• EXERCISE REQUIREMENTS
Both the line below containing "240W 2м Choetech" and the line containing "Reading Mastery Training", along with every line between them, should be repeated exactly; no other line belongs in the answer.
++++++++
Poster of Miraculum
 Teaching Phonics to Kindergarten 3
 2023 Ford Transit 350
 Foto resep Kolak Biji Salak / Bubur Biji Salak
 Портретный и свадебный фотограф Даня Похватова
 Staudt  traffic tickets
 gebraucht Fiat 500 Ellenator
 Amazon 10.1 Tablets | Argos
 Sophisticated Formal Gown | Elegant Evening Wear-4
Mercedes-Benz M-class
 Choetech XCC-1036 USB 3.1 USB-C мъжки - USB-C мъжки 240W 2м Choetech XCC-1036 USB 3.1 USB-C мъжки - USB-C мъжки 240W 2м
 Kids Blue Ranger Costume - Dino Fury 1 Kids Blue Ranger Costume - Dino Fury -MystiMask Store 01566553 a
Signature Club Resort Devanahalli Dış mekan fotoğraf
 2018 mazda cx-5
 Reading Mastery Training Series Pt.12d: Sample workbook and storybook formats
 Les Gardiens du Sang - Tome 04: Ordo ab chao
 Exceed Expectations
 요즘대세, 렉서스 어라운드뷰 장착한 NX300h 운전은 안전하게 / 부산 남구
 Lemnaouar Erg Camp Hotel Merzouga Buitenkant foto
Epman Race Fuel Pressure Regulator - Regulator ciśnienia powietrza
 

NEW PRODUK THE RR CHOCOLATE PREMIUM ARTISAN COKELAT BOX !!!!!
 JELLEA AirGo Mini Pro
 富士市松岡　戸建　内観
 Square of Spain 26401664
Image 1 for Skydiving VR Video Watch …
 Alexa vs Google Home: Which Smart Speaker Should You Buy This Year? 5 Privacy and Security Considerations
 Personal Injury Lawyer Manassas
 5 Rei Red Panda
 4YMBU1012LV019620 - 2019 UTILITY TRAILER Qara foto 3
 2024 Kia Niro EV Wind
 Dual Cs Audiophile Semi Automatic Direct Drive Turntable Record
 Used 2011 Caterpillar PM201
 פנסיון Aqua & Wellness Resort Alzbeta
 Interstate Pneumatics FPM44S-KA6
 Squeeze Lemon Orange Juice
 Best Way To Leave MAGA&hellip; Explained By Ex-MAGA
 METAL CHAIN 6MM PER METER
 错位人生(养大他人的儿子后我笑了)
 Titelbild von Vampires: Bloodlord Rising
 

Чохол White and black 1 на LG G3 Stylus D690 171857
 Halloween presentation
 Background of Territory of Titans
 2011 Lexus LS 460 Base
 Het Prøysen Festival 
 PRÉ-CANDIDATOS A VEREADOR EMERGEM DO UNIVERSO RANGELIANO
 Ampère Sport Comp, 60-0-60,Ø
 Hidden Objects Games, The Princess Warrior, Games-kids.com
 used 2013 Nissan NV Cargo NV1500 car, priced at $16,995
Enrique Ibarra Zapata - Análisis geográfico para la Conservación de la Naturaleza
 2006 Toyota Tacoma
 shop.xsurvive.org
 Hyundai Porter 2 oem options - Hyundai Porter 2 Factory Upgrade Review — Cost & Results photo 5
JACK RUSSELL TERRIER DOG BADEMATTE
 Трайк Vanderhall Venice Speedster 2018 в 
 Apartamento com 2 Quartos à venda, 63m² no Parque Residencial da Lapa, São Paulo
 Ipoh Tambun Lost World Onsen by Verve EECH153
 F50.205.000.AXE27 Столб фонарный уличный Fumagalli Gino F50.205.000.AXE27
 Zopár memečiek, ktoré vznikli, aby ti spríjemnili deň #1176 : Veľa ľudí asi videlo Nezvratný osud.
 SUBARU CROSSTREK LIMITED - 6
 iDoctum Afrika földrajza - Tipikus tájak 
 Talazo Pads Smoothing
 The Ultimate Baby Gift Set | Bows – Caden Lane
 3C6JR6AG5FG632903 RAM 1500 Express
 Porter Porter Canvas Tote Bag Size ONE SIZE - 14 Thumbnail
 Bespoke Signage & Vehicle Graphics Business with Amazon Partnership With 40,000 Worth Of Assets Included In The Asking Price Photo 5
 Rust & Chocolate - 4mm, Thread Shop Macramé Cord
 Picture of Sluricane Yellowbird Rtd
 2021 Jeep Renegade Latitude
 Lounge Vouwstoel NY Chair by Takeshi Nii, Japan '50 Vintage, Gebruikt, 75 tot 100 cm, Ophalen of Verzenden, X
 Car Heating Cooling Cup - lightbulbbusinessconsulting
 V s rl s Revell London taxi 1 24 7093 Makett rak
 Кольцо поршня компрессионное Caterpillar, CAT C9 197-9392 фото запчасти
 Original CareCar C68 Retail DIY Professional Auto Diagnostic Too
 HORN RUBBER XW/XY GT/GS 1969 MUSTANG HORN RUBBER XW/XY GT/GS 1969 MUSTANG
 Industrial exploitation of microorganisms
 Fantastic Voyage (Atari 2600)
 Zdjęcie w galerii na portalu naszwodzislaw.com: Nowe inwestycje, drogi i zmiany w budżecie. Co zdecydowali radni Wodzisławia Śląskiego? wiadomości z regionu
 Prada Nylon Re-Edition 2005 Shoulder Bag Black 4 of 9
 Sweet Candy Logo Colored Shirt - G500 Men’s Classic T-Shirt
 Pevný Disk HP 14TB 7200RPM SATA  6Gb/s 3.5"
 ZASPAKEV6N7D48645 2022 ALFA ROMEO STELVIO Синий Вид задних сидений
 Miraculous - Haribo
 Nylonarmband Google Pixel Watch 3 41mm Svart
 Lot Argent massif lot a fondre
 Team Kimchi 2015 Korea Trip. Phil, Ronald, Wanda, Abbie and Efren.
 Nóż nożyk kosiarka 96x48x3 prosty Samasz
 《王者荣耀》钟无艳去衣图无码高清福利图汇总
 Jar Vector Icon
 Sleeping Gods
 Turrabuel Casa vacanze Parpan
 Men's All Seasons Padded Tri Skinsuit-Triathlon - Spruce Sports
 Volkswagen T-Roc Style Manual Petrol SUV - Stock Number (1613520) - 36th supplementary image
++++++++
• EXERCISE RESULT
 Choetech XCC-1036 USB 3.1 USB-C мъжки - USB-C мъжки 240W 2м Choetech XCC-1036 USB 3.1 USB-C мъжки - USB-C мъжки 240W 2м
 Kids Blue Ranger Costume - Dino Fury 1 Kids Blue Ranger Costume - Dino Fury -MystiMask Store 01566553 a
Signature Club Resort Devanahalli Dış mekan fotoğraf
 2018 mazda cx-5
 Reading Mastery Training Series Pt.12d: Sample workbook and storybook formats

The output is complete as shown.